On first getting acquainted, she recounts, “We met by chance. It was a very disorderly meeting on my birthday. I was celebrating with my friends, and when a young Russian man arrived with one of my friends, I got to know him and we began to meet up.”

“The day I was introduced to Salma, I immediately regretted not learning Arabic earlier” Boris says adding: “I loved Salma from the very first moments we met, and we got married quite easily and effortlessly, and any external circumstances related to politics or the like has nothing to do with us.”

Regarding society’s view of them, Salma says, “We turn our backs on everything that is said about our marriage, and do not pay any attention to what we hear in terms of rumors and analyzing.”

The issue of language remains the biggest obstacle between the spouses, “but we overcome it by speaking in English most of the time,” Salma says, touching upon the future of her family, “Syria or Russia… I admit that the place and location is important... It is very critical what we are going through in terms of circumstances, but people are the main factor in every occurrence that comes up, since the main aspects of forming a family are the same in any country.”

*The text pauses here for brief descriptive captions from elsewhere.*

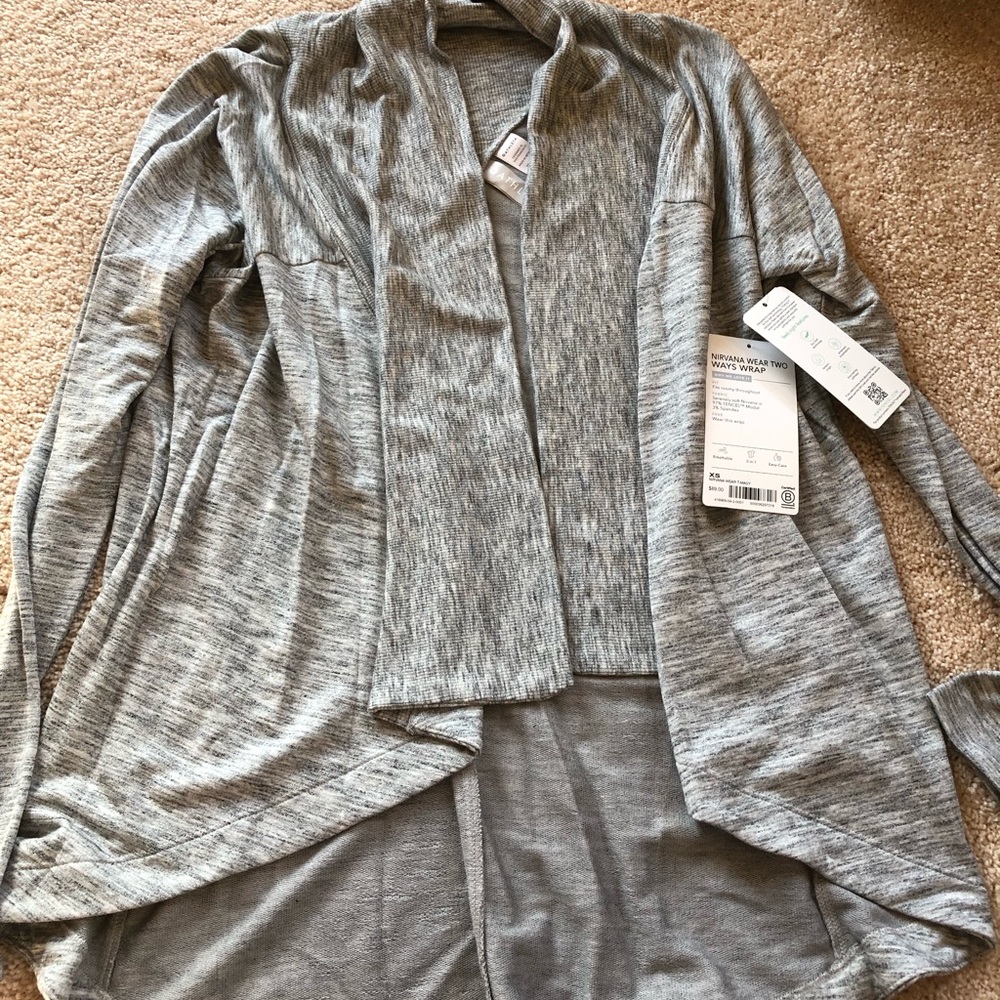 Nirvana wear two ways wrap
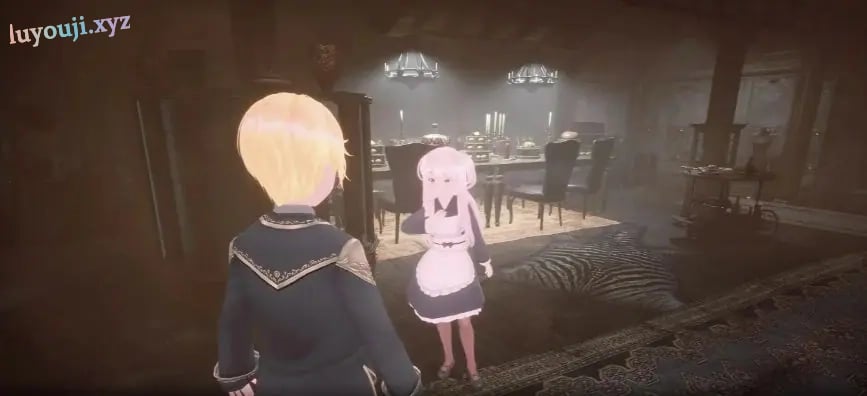 【PC/官中/日系/SLG游戏/1.92G】洋馆之家 Ver1.0.1 官方中文版+日系SLG+1.92G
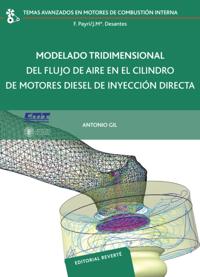 Modelado tridimensional del flujo de aire en el cilindro de motores diésel de inyección directa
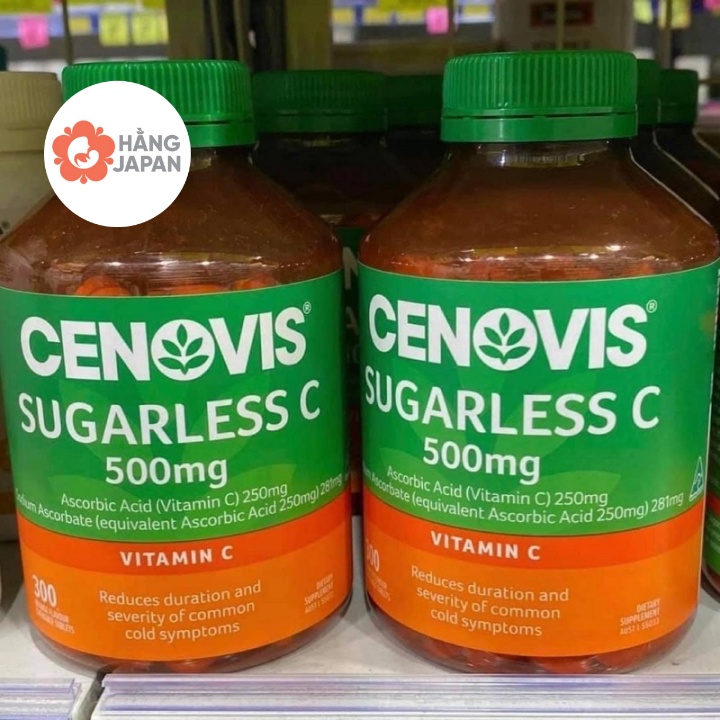 Viên nhai vitamin c không đường cenovis 500mg 300 viên - hàng úc - ảnh sản phẩm 3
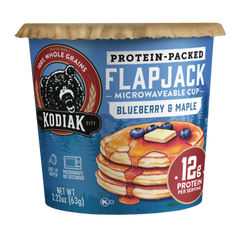 Blueberry & Maple Flapjack Cup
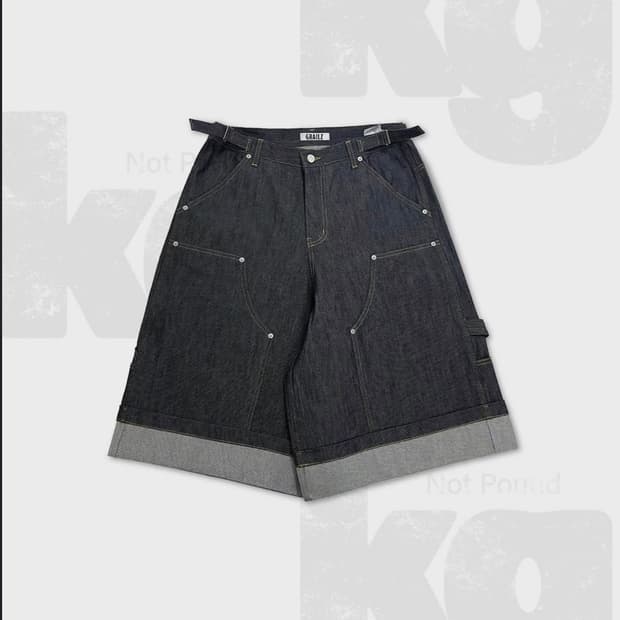 Koin seoul X Grailz 콜라보 생지 버뮤다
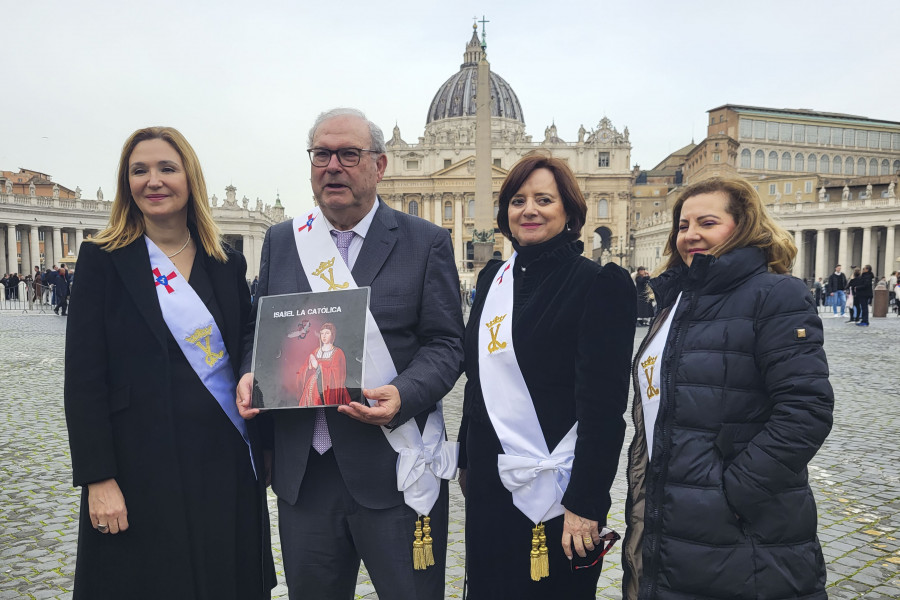 La beatificación de Isabel la Católica sigue en marcha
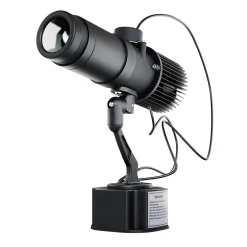 Proyector de logos LED GOBO 35W Rotatorio- Interior - Óptica 20° -IP20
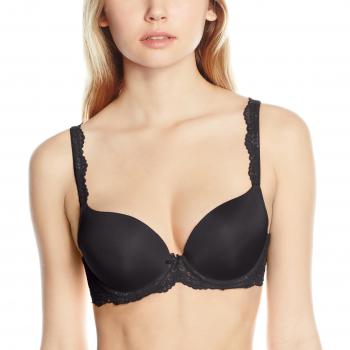 Sujetador Push-up DAILY LACE de Encaje Negro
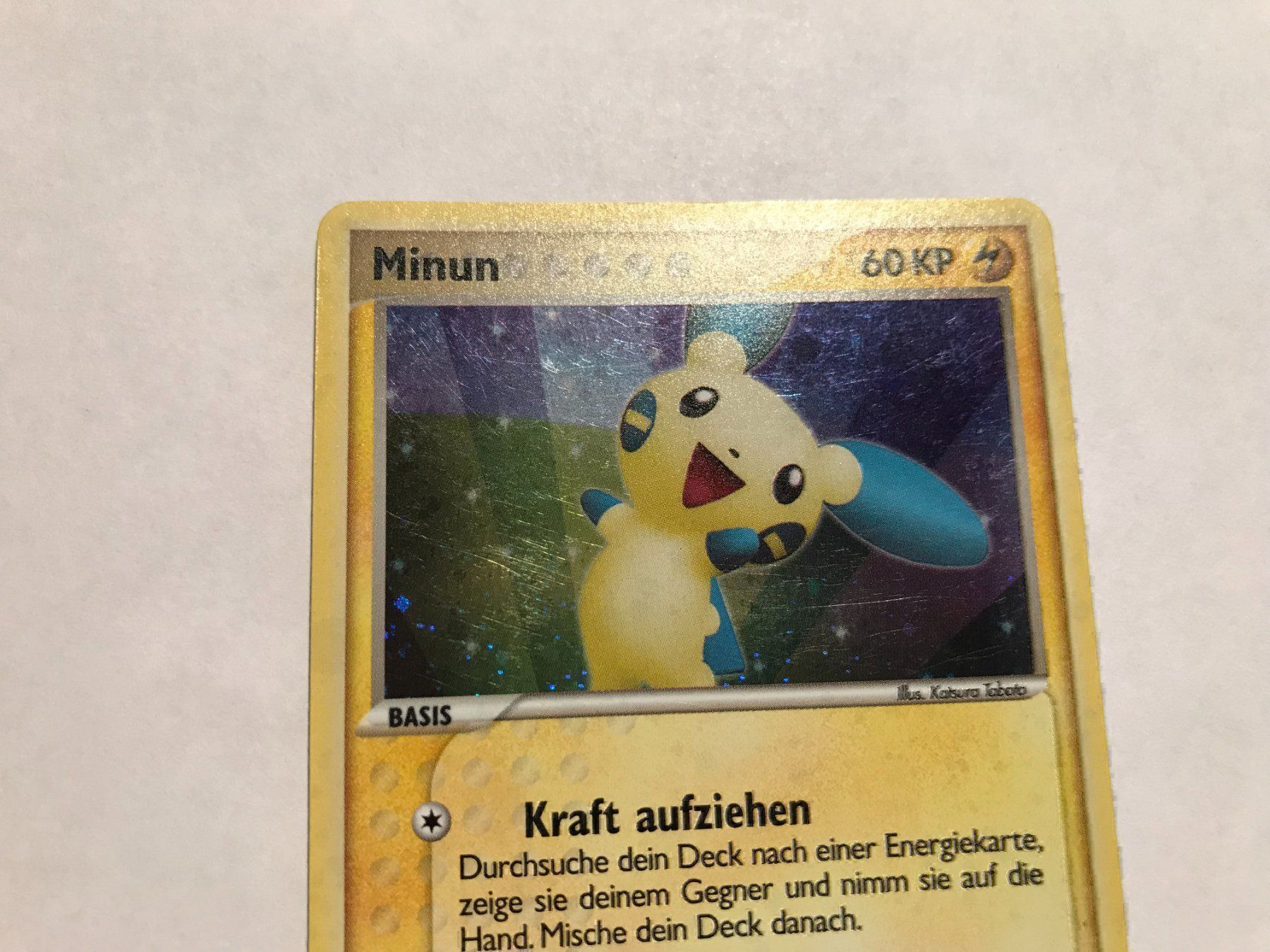 Pokémon Carte collezionabili: Minun holo – Usato da Hagendorn venduto da Pokecollectorch 9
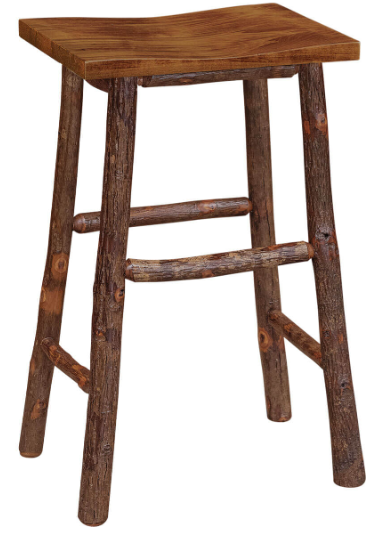 Maple + Hickory Mountain Retreat Bar Stool - 24"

Under the Hold of Alliances

“There is no marriage without challenges, but both parties must overcome these challenges together.” This is how social researcher Samar Ali comments on this particular issue, and adds, “In transnational marriages, the danger lies in whether a man thinks that he is better than his wife because of his nationality, or that he thinks that he has pulled her out of her harsh and bitter reality by marrying her. It might even reach the point where it becomes a repeated reminder of this issue by him, and thus the wife will suffer from a constant state of disappointment and anxiety regarding this matter.”

As for the possibility of divorce for reasons related to political disputes and varying alliances, she says, “Although it is an issue that one does not expect to happen – especially after years pass since first getting married – in recent years Sharia courts have registered many divorce cases caused by differences in political opinion, so it is a potential issue and a risk factor that cannot be ignored.”

Studies and statistics say that those born from parents of different nationalities acquire open-mindedness, customs, as well as scientific, linguistic, and cultural richness, since the child acquires intellectual and emotional maturity and social awareness from both parents and on different levels… But will transnational marriages in Syria succeed in securing this particular attribute or feature, even though it is a product of war and its impurities? Will their simple life and contentment protect this family from any attacks concerning pre-existing class differences, political differences, and cultural fractures?